The Group departments Finance, Group Controlling, Internal Audit, and Tax report to the Chief Financial Officer directly. Further, the Chief Financial Officer coordinates cybersecurity activities at Fresenius.
Members of the Management Board also lead internal working groups or committees, for example the Compliance Steering Committee or the Group Sustainability Board. Further information is included on pages 114ff. of the Group Non-financial Report.
There are no Management Board committees owing to Fresenius SE & Co. KGaA's role as an operating holding company. The Management Board is listed on page 395 of the Annual Report.
Members of the Management Board are appointed for a maximum period of five years. Following the recommendation of the Code, first-time appointments are for a threeyear period.
Effective April 12, 2021, Mr. Michael Sen was appointed Chairman of the Management Board of Fresenius Kabi AG and member of the Management Board of Fresenius Management SE responsible for the business segment Fresenius Kabi. He succeeds Mr.Mats Henriksson, who left the Company on March 16, 2021.

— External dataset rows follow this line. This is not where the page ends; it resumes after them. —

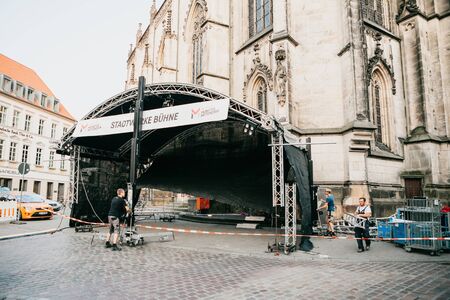 Germany, Muenster, August 17 2018: Workers construct a stage for a concert in the central square. Preparation for the city festival.のeditorial素材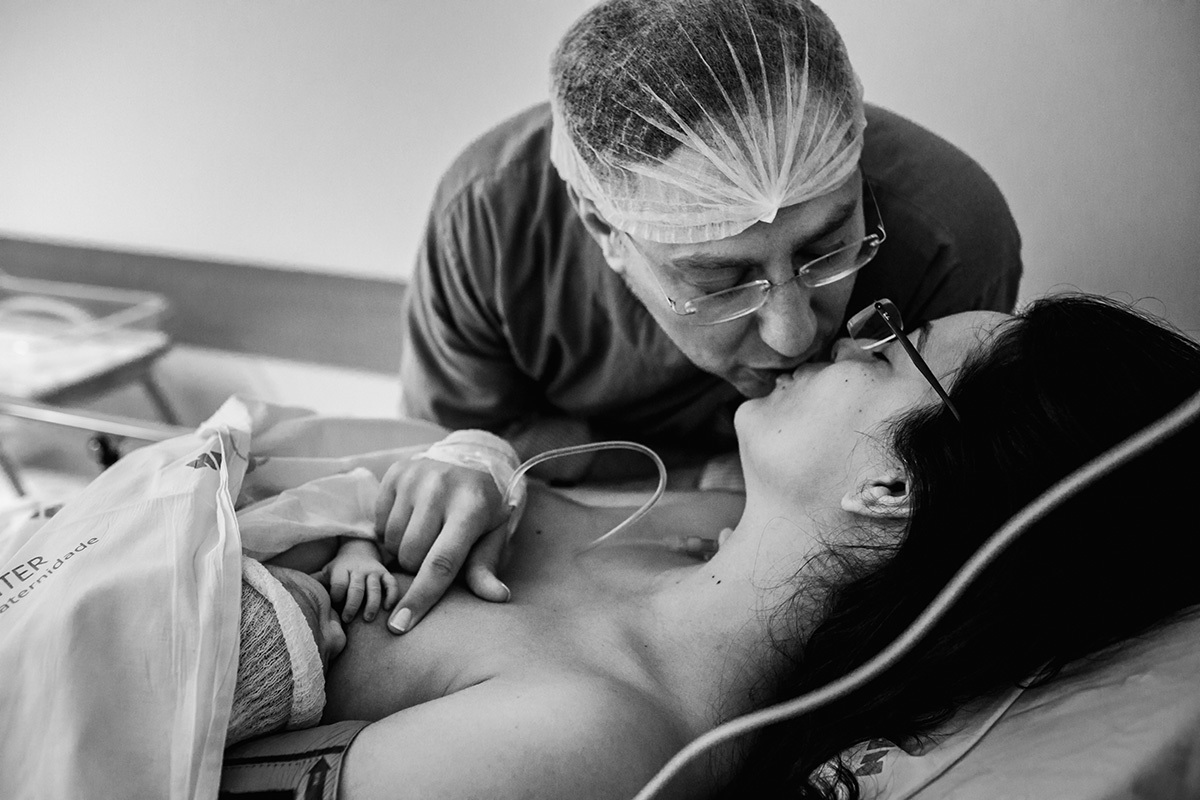 casal emocionados com sua filha se beijam na sala de recuperação da maternidade Neocenter pós cesárea, por Adriana Costa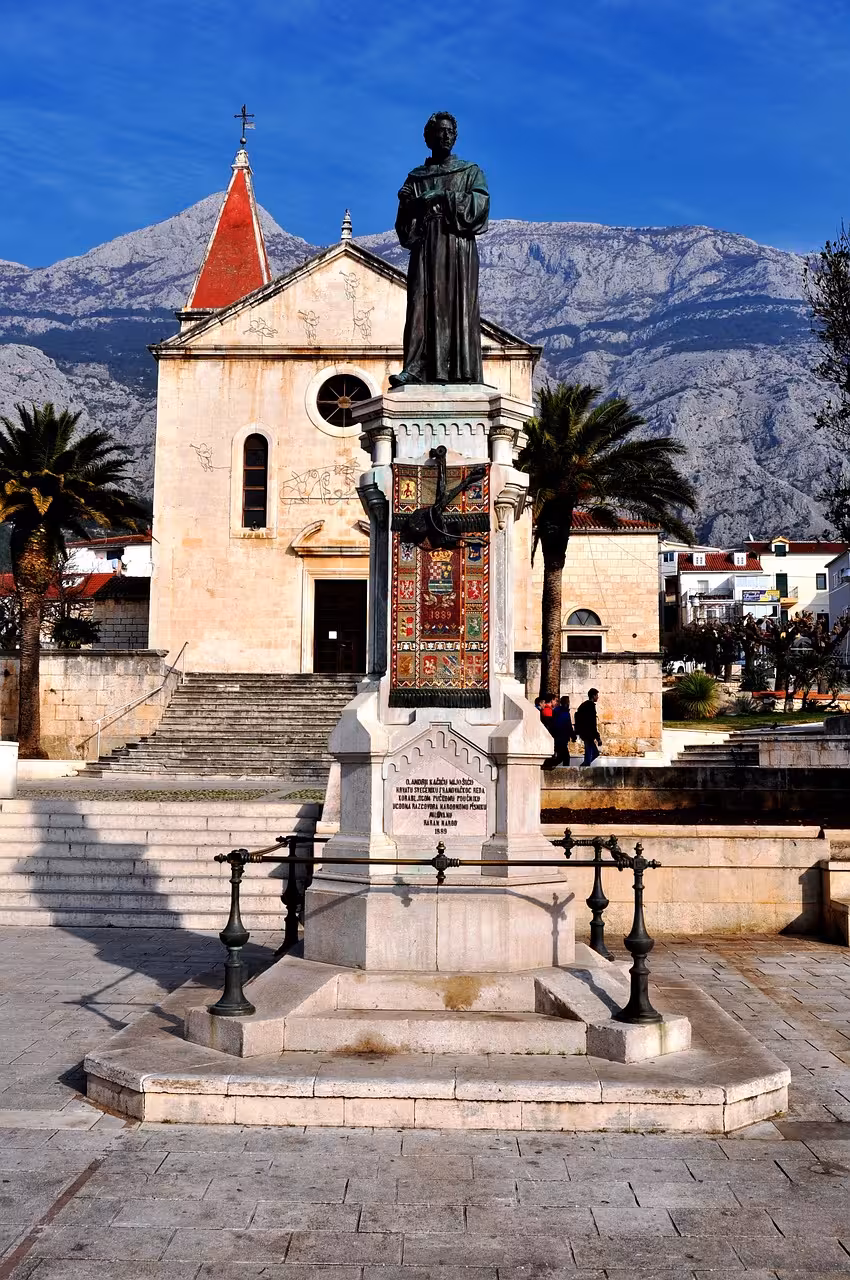 Makarska old town church and monument beneath Biokovo range, cultural photo stop on Split day tour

By resolution of the Supervisory Board of Fresenius Management SE dated May 21, 2021, a standard age limit was introduced for the Management Board. Since then, newly appointed members of the Management Board shall, as a rule, retire from the Management Board after reaching the age of 65 at the end of the calendar year.

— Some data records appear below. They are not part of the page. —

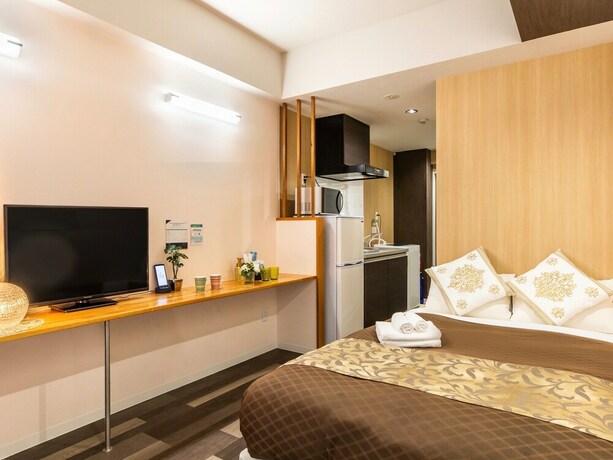 Imagen de la habitación del Hotel Mr.kinjo In Uchidomari. Foto 19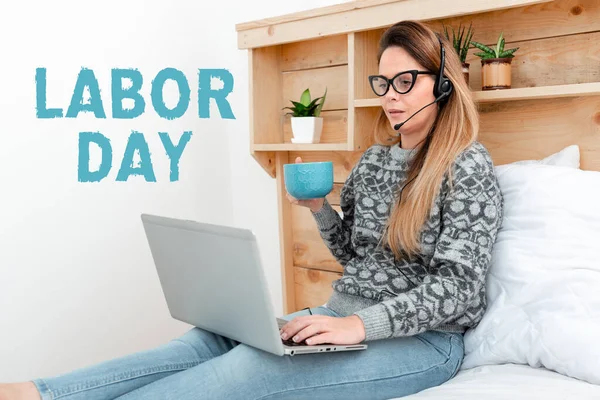 Hand writing sign Labor Day. Business idea an annual holiday to celebrate the achievements of workers Student Learning New Things Online, Casual Internet Surfing And Browsing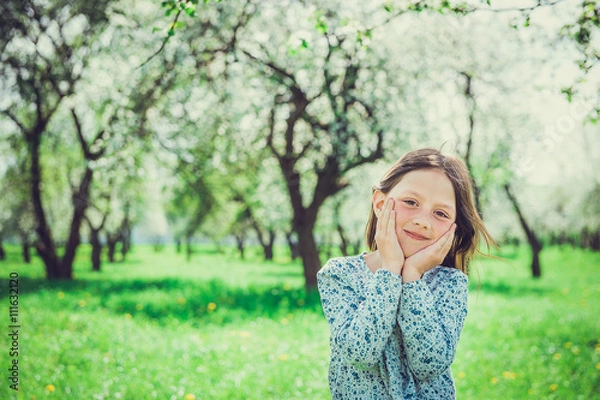 Fototapeta Smiling little girl in the garden, holding hands your face. Child in spring fruit orchard.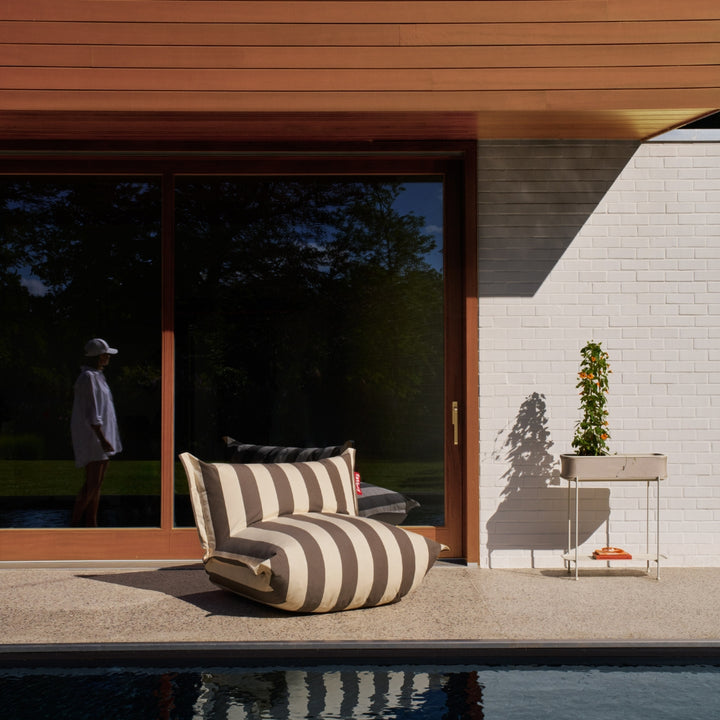 Low-profile outdoor lounge chair with wide backrest, thick cushioning in stripe cacao, by Fatboy, at Desert River Shop.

The meetings of the Management Board are convened as required, but at least once a month, and are chaired by the Chairman of the Management Board or, if he is incapacitated, by the Chief Financial Officer or, if she is also incapacitated, by the Management Board member present who is most senior in age. However, Management Board meetings are usually held twice a month. The person chairing the meeting decides the order in which the items on the agenda are dealt with and the form in which the voting is conducted. The Management Board passes its resolutions by a simple majority of the votes cast or, outside its meetings, by a simple majority of its members, except in cases where mandatory provisions of law impose stricter requirements. The Chairman of the Management Board has the casting vote if a vote is tied. If the Chairman is incapacitated or absent, the motion is deemed rejected if a vote is tied. The rules of procedure for the Management Board also govern the relations between the Management Board and the Supervisory Board of the general partner, as well as between the general partner and the Supervisory Board of Fresenius SE & Co. KGaA, and also matters that require approval of the general partner's Supervisory Board.
As a European company (SE – Societas Europaea), Fresenius Management SE has its own Supervisory Board. It consists of six members, and its Chairman is Dr. Gerd Krick. The Supervisory Board appoints the members of the Management Board of Fresenius Management SE and supervises and advises the Management Board in conducting business. If necessary, e.g., in order to discuss or decide on matters concerning the Management Board, the Supervisory Board meets without the Management Board. It has established its own rules of procedure.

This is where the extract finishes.